§ WORK ITEM: These records contain pictures, which must be left out; copy exactly the lines from the one with "Силіконовий Чохол з" up to and including the one with "سورة المعارج الشيخ".

§ EXERCISE MATERIAL:
>>>

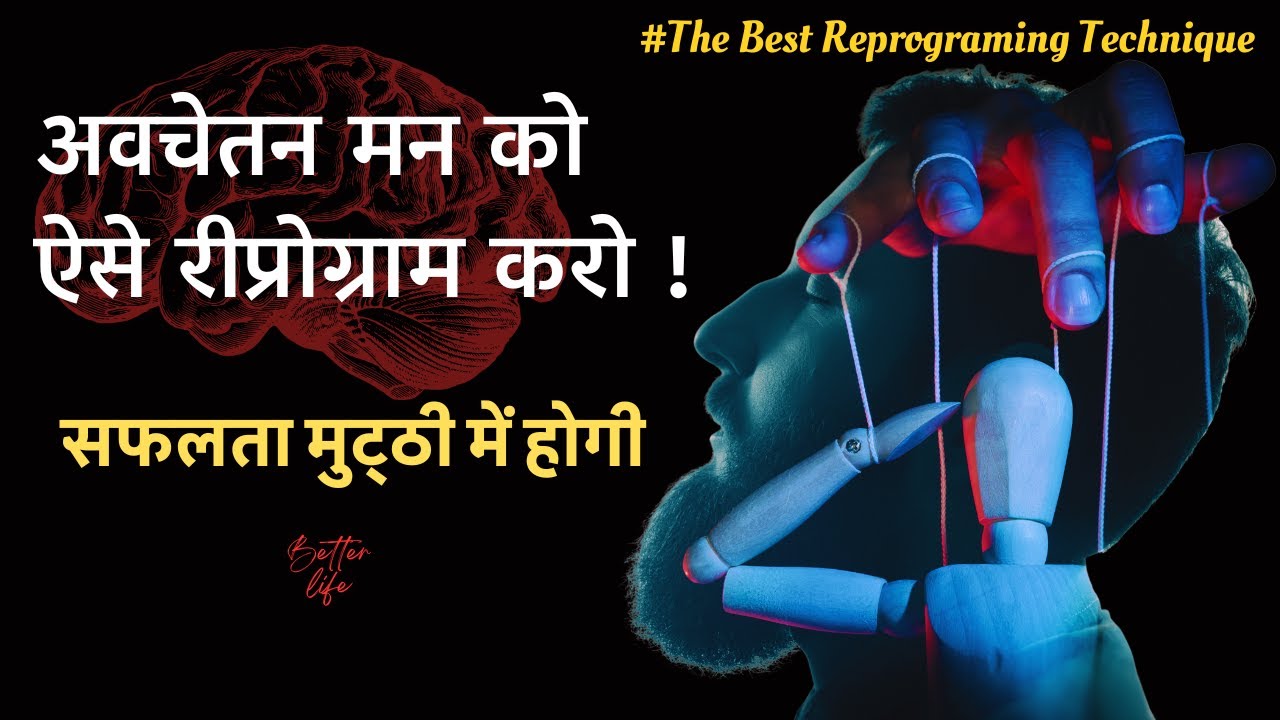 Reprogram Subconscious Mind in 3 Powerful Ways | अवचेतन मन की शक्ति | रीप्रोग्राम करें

<<<
>>>

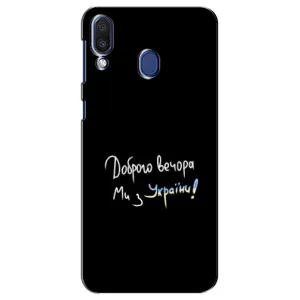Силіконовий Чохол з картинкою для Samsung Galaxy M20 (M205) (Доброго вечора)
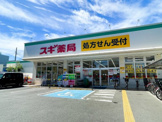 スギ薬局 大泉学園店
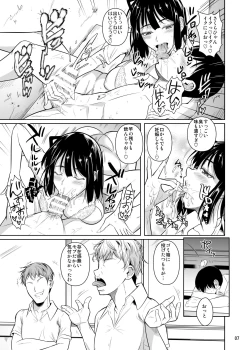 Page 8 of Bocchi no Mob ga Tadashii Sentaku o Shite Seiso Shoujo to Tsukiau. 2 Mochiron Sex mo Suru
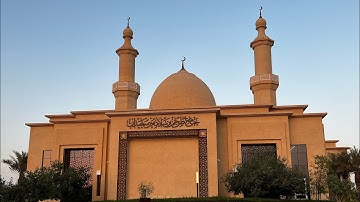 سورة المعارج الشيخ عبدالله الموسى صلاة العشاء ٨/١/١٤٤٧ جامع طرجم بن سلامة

<<<
>>>

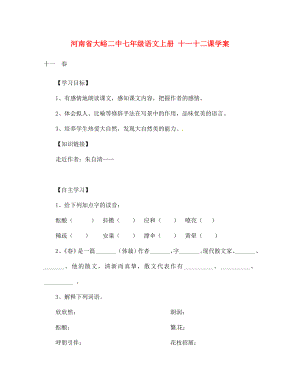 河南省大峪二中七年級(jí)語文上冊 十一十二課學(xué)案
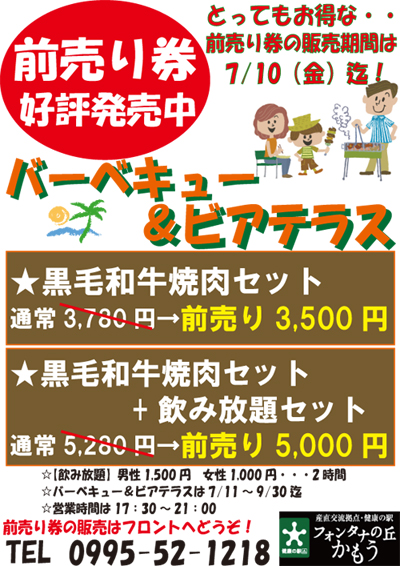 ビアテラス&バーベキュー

<<<

§ SOLVED PROBLEM:
Силіконовий Чохол з картинкою для Samsung Galaxy M20 (M205) (Доброго вечора)
 スギ薬局 大泉学園店
 Page 8 of Bocchi no Mob ga Tadashii Sentaku o Shite Seiso Shoujo to Tsukiau. 2 Mochiron Sex mo Suru
 سورة المعارج الشيخ عبدالله الموسى صلاة العشاء ٨/١/١٤٤٧ جامع طرجم بن سلامة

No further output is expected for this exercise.